[proofplan]
We give the von Neumann proof using Hilbert space theory. First reduce to the finite case by exhausting $X$ into sets of finite $(\mu + \nu)$-measure. On each finite piece, the functional $\varphi \mapsto \int \varphi \, d\nu$ is a bounded linear functional on $L^2(\mu + \nu)$, so the Riesz Representation Theorem provides a function $g$ with $\int \varphi \, d\nu = \int \varphi g \, d(\mu + \nu)$. We show $0 \le g < 1$ $(\mu + \nu)$-a.e. using absolute continuity, then algebraically extract the Radon-Nikodym derivative as $f = g/(1 - g)$. The passage from finite to $\sigma$-finite uses monotone convergence. Uniqueness follows from the standard null-set argument.
[/proofplan]
[step:Reduce to the case where $\mu$ and $\nu$ are both finite measures]
Since $\mu$ and $\nu$ are $\sigma$-finite, there exist sequences $(A_k)_{k=1}^\infty$ and $(B_k)_{k=1}^\infty$ in $\mathcal{A}$ with $A_k \uparrow X$, $\mu(A_k) < \infty$, and $B_k \uparrow X$, $\nu(B_k) < \infty$. Define $X_k := A_k \cap B_k$. Then $X_k \uparrow X$, $\mu(X_k) < \infty$, and $\nu(X_k) < \infty$.
If we can prove the theorem for the finite measures $\mu_k := \mu|_{X_k}$ and $\nu_k := \nu|_{X_k}$ on the measurable space $(X_k, \mathcal{A} \cap X_k)$, we will extend to the $\sigma$-finite case in the final step. The condition $\nu_k \ll \mu_k$ is inherited: if $A \in \mathcal{A}$ satisfies $\mu_k(A) = \mu(A \cap X_k) = 0$, then $\nu_k(A) = \nu(A \cap X_k) = 0$ since $\nu \ll \mu$.
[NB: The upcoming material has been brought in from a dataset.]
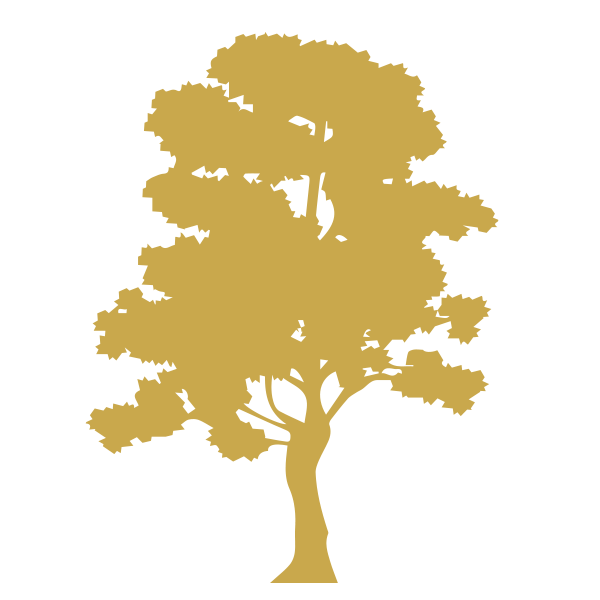 Sheesham Wood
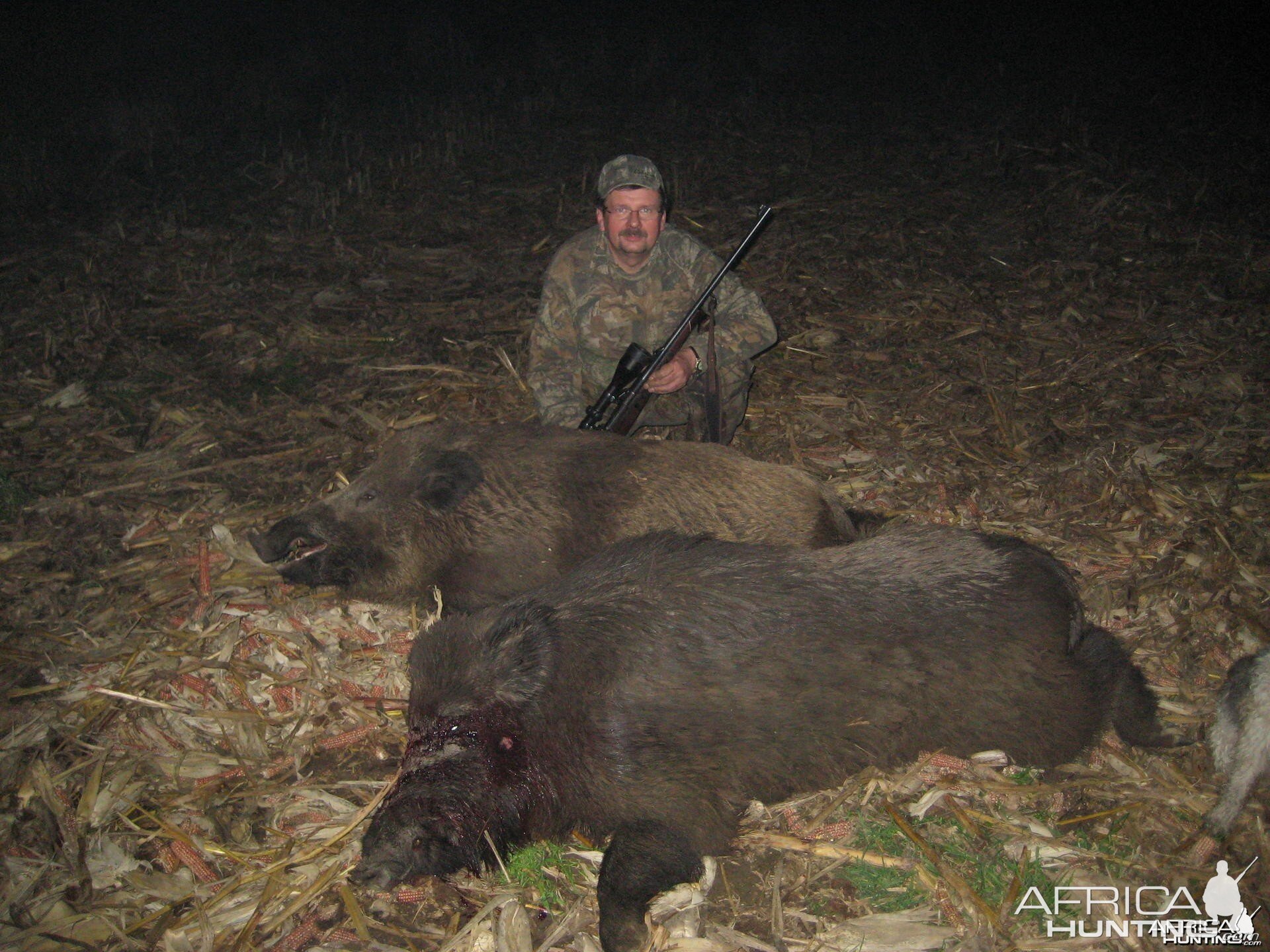 Hunting Wild Boars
For the remainder of the proof, we assume $\mu(X) < \infty$ and $\nu(X) < \infty$, and we construct $f$ on this finite measure space. The extension to the $\sigma$-finite case is carried out in the final step.
[guided]
The reduction to finite measures is standard in measure theory. The point is that Hilbert space arguments (specifically the Riesz Representation Theorem) require finite measures to ensure that constant functions are square-integrable. If $\mu(X) = \infty$, then $\mathbb{1}_X \notin L^2(\mu)$, and the functional we construct would not be bounded on $L^2$.
The construction $X_k = A_k \cap B_k$ ensures that both $\mu$ and $\nu$ are simultaneously finite on $X_k$. This is necessary because we will work with the combined measure $\mu + \nu$, which must also be finite.
[/guided]
[/step]
[step:Construct the linear functional on $L^2(X, \mathcal{A}, \mu + \nu)$ and apply the Riesz Representation Theorem]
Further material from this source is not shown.